SWORD VERSE in the Qur'an

Ar: ayat al-sayf

Refers to (at-taubah 9:5):

Then, when the sacred months have passed, slay the idolaters wherever ye find them, and take them (captive), and besiege them, and prepare for them each ambush. But if they repent and establish worship and pay the poor-due, then leave their way free. Lo! Allah is Forgiving, Merciful.
This verse, according to many Muslim commentators, abrogates a famous verse often used by Muslims when interacting with non-Muslims, al-Baqarah 2:256:
There is no compulsion in religion (la ikraha fi d-dini). The right direction is henceforth distinct from error. And he who rejecteth false deities and believeth in Allah hath grasped a firm handhold which will never break. Allah is Hearer, Knower.
Muslims like to use this verse to show that Islam does not force people into accepting Islam. It should be noted, however, that this verse is a Meccan verse, where Muhammad was at a disadvantage, having to deal with the strong pagan at Mecca. The tone of the Qur'anic verses changed shortly after he moved to Medinah.
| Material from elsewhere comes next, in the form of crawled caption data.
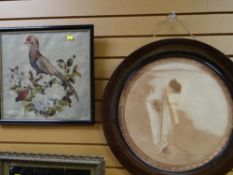 A vintage circular mahogany framed sepia print together with a vintage framed embroidery of a bird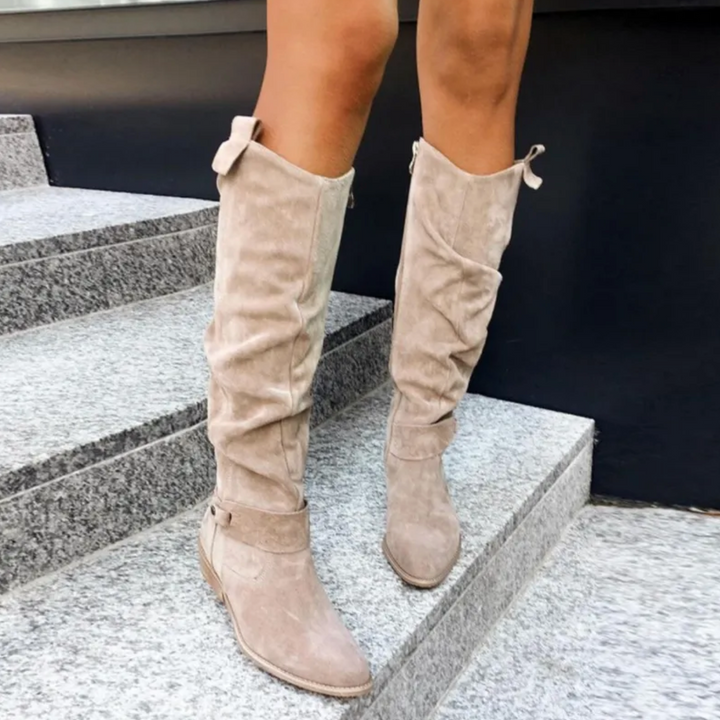 Women's high slouchy tube boots with flat heels and strap details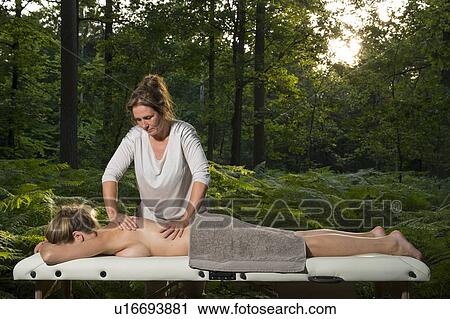 Stock Image - Professional masseuse treats woman on massage table in woods. Fotosearch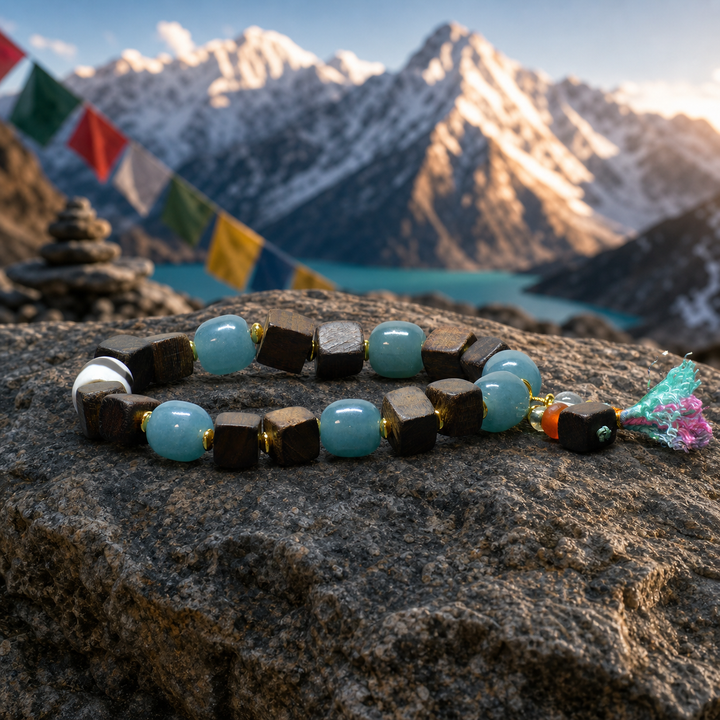 Authentic Himalayan Dark Wood & Blue Aquamarine Beaded Bracelet Featuring Sacred Dzi Bead Centerpiece, Gold Spacers, and Artisan Tassel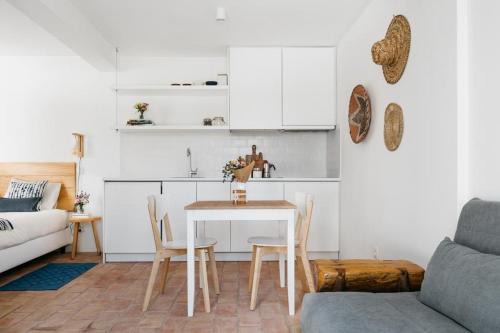 cocina y sala de estar con mesa y sillas en Hoso Loft 24 Beach House en Costa da Caparica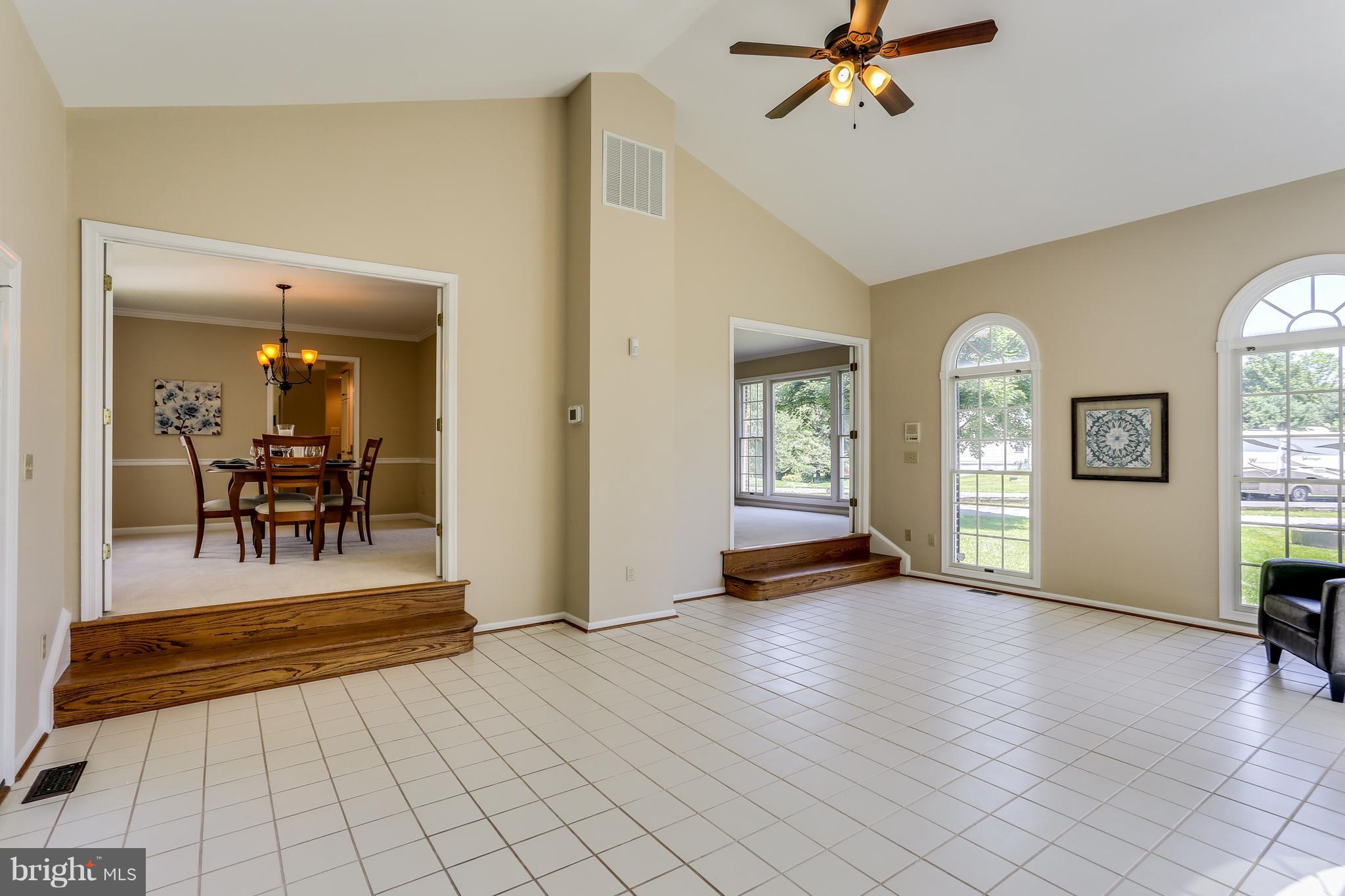 8258 Spring Branch Court Laurel, MD 20723 - Photo 6 of 26 a view of a livingroom with a furniture wooden floor and windows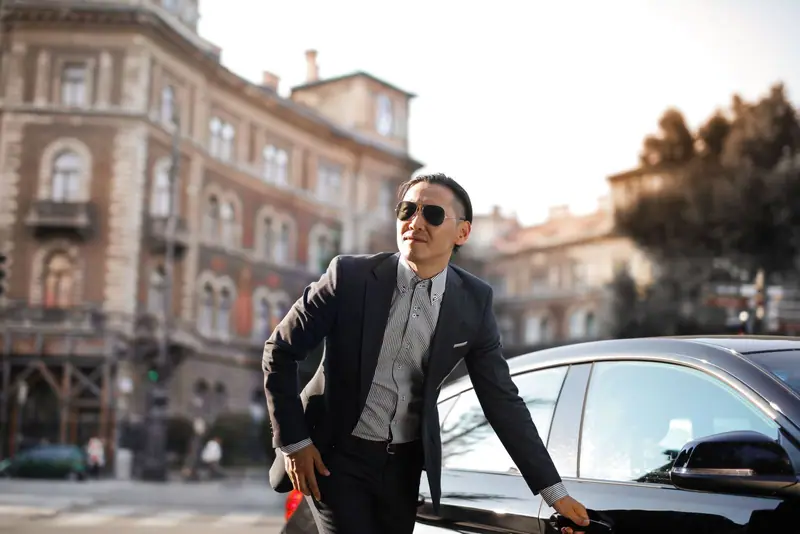 Man in sunglasses and a dark jacket leaning on a black car on a city street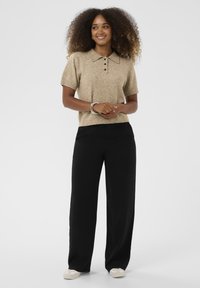 Beige, rövid ujjú póló pulóver, gallérral és három gombbal, laza szabású fekete nadrággal és világos színű cipővel párosítva.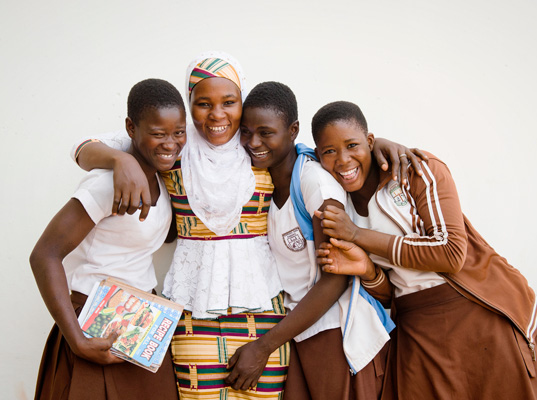 Camfed alumna Hawa with three school girls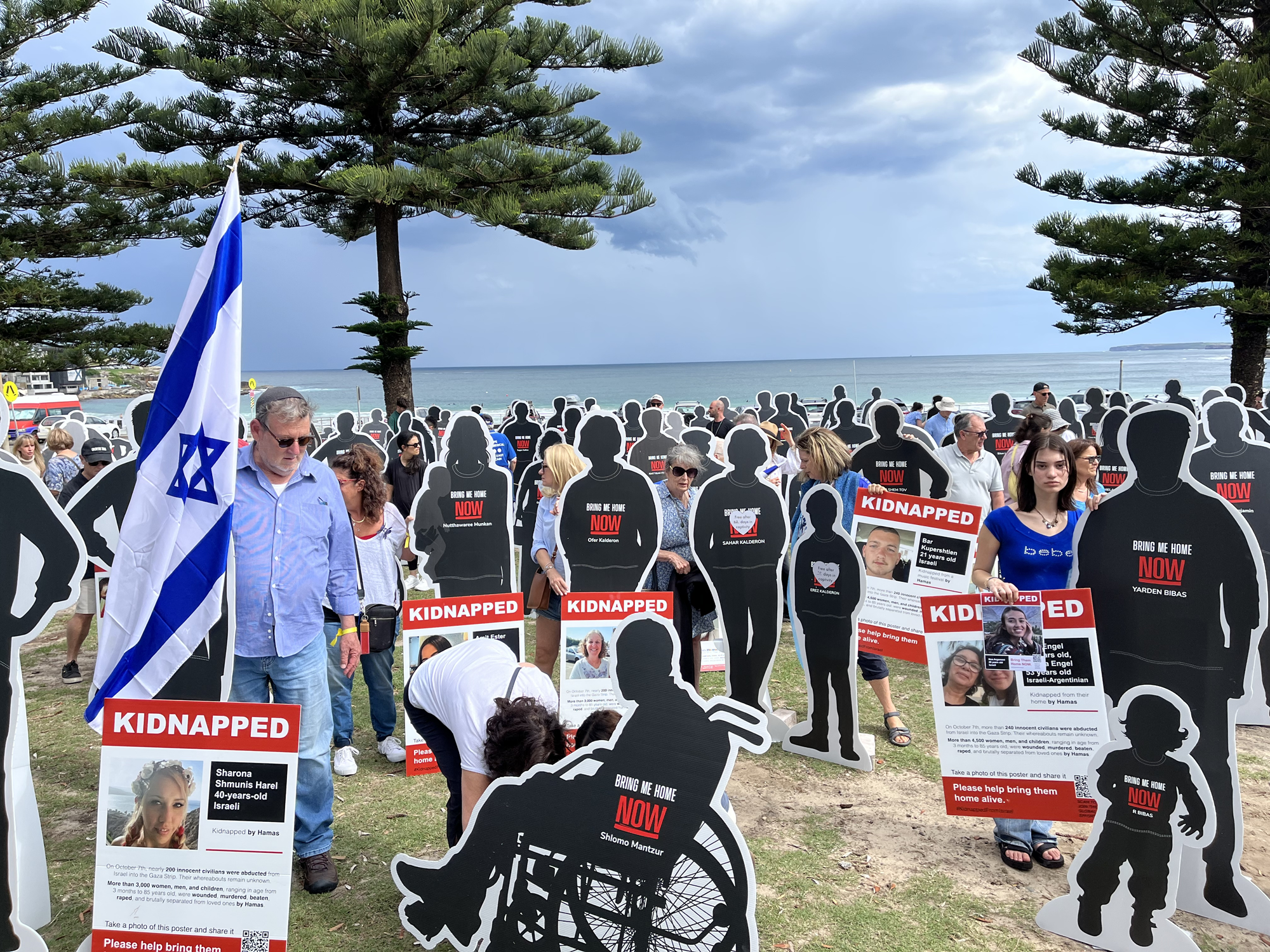 People standing around cutouts of people at a beach holding Israel flags. 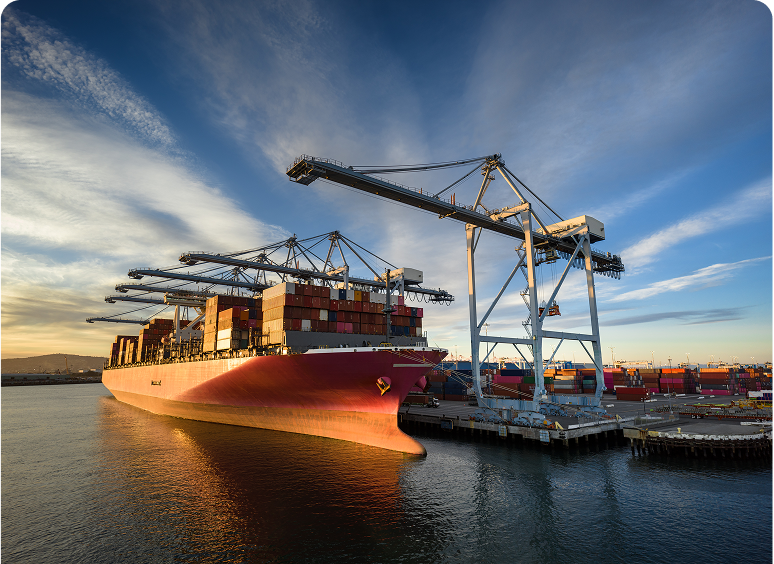 Container ship unloading at harbor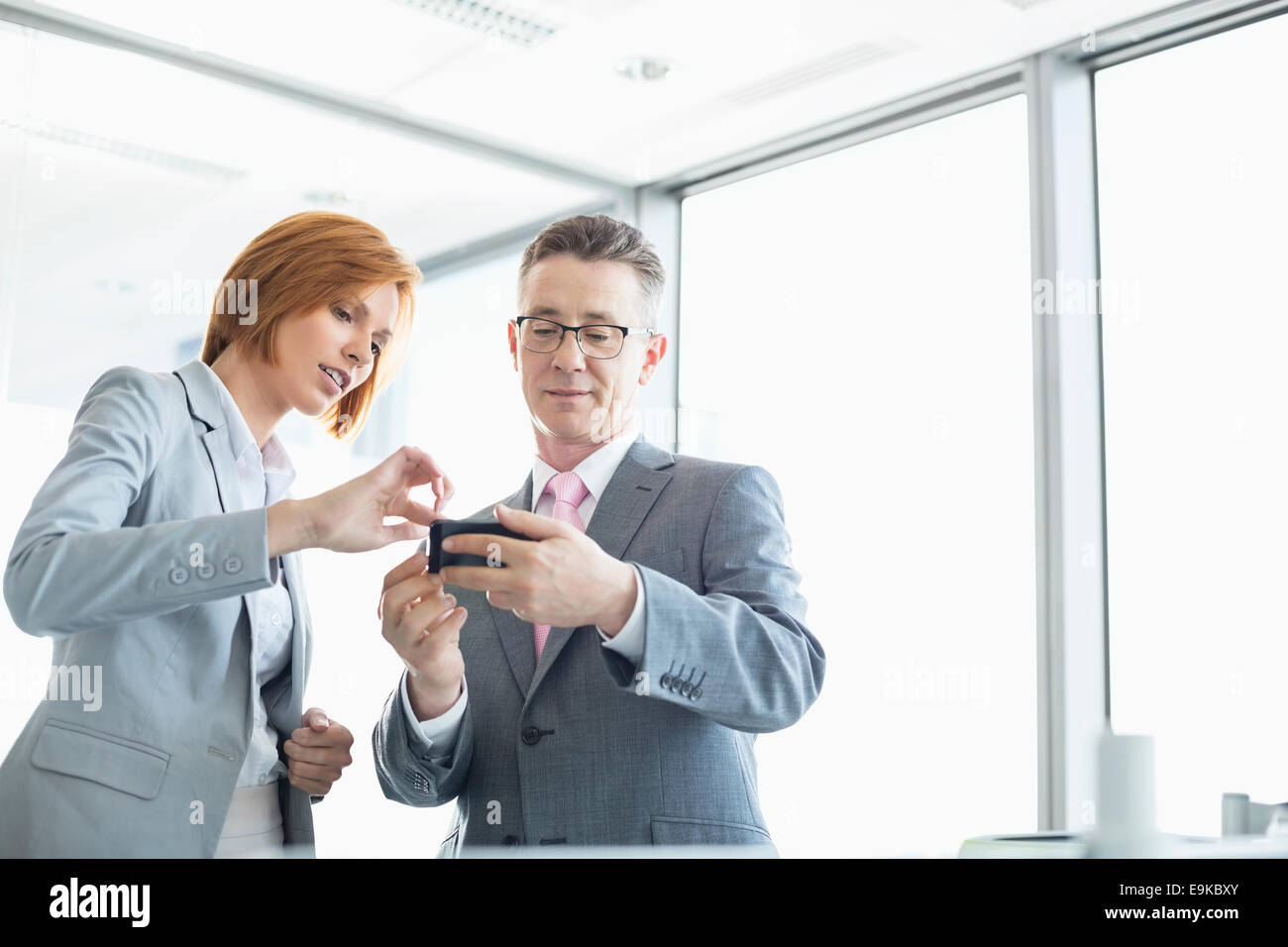 Businessman and businesswoman using cell people in office Stock Photo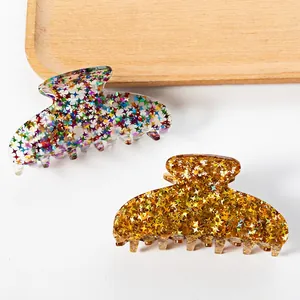 Acrylic Christmas hair claws with colorful and golden star sequins in a wooden tray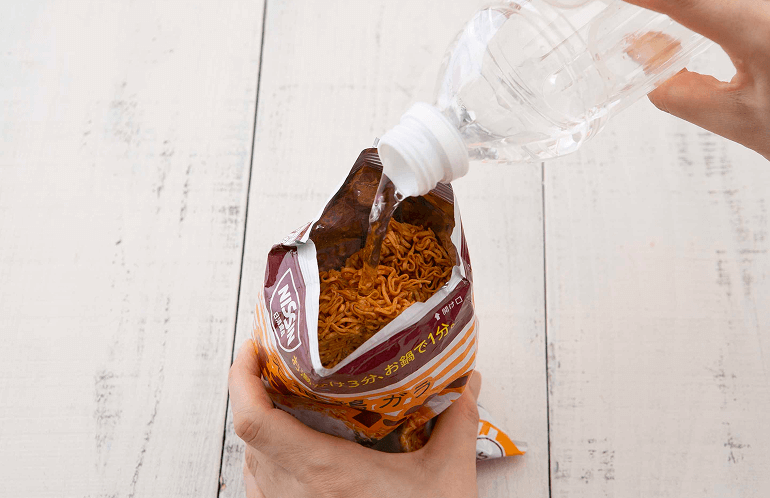 袋麺の袋に直接水を注ぐ様子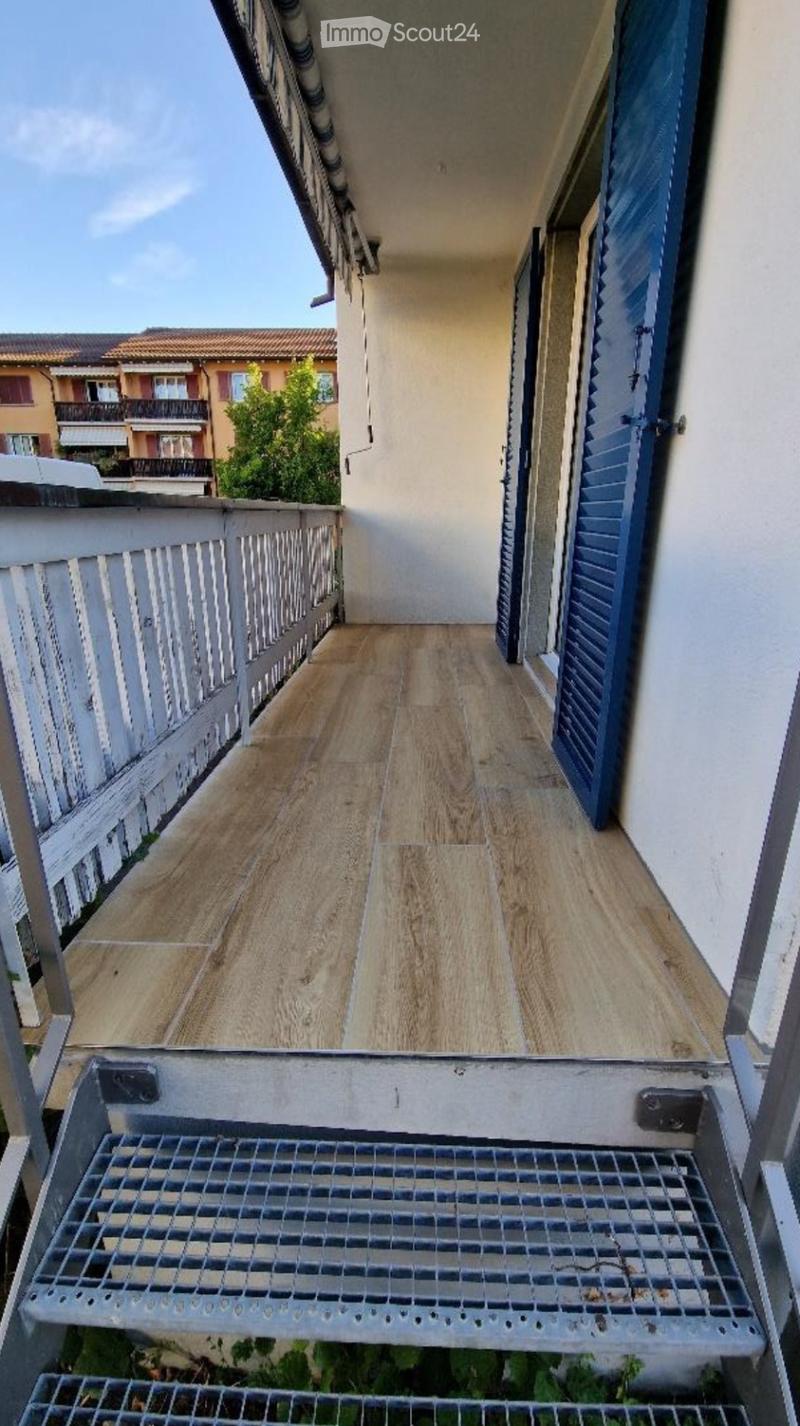 Balcony with wooden flooring, white railing, and blue shutters on adjacent building.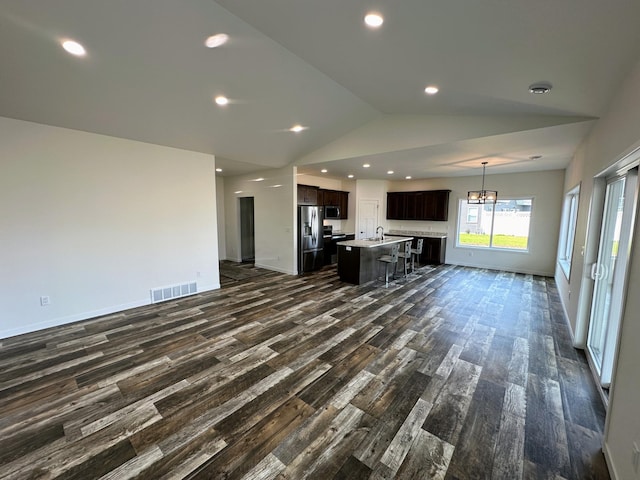 unfurnished living room with dark hardwood / wood-style floors, sink, a notable chandelier, and vaulted ceiling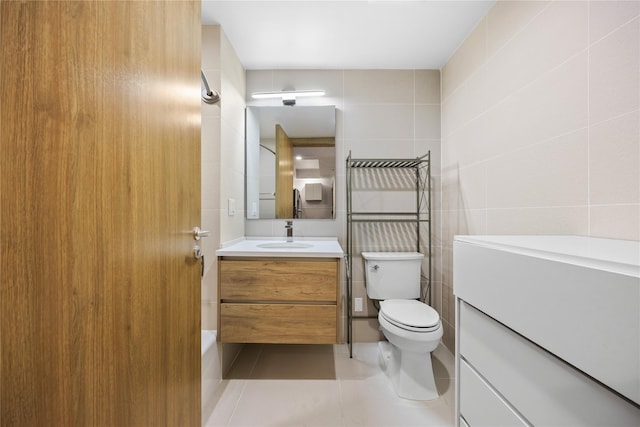 bathroom with tile patterned flooring, vanity, toilet, and tile walls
The Sword Verse is a Medinan verse, and it allows the Muslims to compel non-Muslims to accept Islam. However, it is also abrograted by the condition in the verse: "But if they repent and establish worship and pay the poor-due, then leave their way free."

Ibn al'Ata Iqi refers to the sword verse as one of the marvels ('aja'ib) of the Quran! (Powers, David S. "The Exegetical Genre nasikh al-Qur'an was mansukhuhu." in Approaches to the History of the Interpretation of the Qur'an, Andrew Rippin, ed., Oxford: Clarendon Press, 1988, 130-131). Zamakshari agrees with this.